Tuesday, March 24, 2020

I Shook Hands with Nathan Beauregard

By Dave Wood
(originally published as "Twisted Spine Tom Straightens Out" in Sailor's Delight November 3, 1982)

It was Friday afternoon in Mortician's Crotch, Alabama, (there is no Mortician's Crotch, Alabama) so of course, it was raining fish (it has never actually rained fish anywhere and never will, thus evidencing that this story is fiction). The sun hung low and a little to the left. On Main street an old man was picking his teeth. 


"Gimme the green set in the pickle jar behind the safety razor", he told the pawnbroker. 

He handed over a dollar and, due to the fact that the teeth were a half a dozen sizes too big left the store with a broad and beautiful smile upon his face; As he started to cross the street he heard and saw a car approaching.
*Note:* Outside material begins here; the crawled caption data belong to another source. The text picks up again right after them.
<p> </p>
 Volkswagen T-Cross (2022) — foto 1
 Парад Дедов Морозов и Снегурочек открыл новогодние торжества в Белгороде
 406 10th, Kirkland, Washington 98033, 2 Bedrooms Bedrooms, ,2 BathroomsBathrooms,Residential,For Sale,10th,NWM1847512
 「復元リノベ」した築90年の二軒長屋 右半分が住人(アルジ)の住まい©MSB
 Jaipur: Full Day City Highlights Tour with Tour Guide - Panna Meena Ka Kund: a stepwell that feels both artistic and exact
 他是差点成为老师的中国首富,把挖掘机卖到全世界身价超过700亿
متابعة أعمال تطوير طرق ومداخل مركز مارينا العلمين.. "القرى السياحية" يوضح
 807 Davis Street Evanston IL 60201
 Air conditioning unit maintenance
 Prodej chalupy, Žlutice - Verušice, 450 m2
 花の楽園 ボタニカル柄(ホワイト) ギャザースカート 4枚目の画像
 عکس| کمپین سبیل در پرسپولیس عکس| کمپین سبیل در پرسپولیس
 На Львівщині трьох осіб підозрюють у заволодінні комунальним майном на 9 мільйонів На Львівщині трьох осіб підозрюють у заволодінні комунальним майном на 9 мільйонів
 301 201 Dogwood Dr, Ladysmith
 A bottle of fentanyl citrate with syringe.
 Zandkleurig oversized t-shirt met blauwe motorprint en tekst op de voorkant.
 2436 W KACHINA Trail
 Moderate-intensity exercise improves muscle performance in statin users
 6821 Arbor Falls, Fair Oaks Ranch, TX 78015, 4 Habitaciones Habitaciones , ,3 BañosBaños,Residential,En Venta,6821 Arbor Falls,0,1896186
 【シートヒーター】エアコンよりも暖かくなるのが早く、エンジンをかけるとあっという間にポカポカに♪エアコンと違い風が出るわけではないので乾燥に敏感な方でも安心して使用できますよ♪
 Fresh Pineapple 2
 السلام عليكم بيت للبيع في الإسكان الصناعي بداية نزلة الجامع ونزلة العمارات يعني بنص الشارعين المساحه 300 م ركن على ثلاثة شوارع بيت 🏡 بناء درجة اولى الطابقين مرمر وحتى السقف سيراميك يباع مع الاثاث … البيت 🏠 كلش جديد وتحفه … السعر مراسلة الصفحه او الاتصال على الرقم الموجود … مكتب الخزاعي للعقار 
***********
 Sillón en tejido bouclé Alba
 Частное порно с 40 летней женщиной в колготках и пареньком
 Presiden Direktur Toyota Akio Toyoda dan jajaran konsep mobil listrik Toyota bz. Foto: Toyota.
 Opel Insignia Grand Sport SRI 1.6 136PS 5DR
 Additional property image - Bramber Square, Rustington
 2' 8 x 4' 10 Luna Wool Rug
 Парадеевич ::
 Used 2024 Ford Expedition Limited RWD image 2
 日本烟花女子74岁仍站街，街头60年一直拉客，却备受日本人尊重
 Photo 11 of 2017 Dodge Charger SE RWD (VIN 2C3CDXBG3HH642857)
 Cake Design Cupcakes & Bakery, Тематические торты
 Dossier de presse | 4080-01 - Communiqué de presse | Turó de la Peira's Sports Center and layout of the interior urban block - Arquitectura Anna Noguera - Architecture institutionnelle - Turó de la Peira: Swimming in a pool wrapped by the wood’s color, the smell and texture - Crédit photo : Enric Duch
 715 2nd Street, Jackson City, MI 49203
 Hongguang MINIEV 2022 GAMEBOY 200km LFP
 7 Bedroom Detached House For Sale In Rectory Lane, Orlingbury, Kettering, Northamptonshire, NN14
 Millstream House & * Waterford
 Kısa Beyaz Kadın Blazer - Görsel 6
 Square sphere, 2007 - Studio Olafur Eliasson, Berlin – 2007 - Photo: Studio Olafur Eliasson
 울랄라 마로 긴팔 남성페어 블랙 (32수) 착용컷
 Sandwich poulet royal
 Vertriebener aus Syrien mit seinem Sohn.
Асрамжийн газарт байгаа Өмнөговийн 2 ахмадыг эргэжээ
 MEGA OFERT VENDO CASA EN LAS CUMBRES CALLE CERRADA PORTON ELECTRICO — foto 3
It was a black Ford sedan with New York plates, Dixie cups and flying saucers. At the wheel sat a young man with steel-rimmed glasses, a chin a little obscured by what may have been steam or the promise of a beard, and a faded blue sweatshirt which bore the legend “I SHOOK HANDS WITH NATHAN BEAUREGARD - MEHPHIS 1968 " 

As the car drew level with the old man it stopped and the young driver leaned out of the open window and spoke. 

Excuse me,” he said, “I’m looking for a blues singer.” 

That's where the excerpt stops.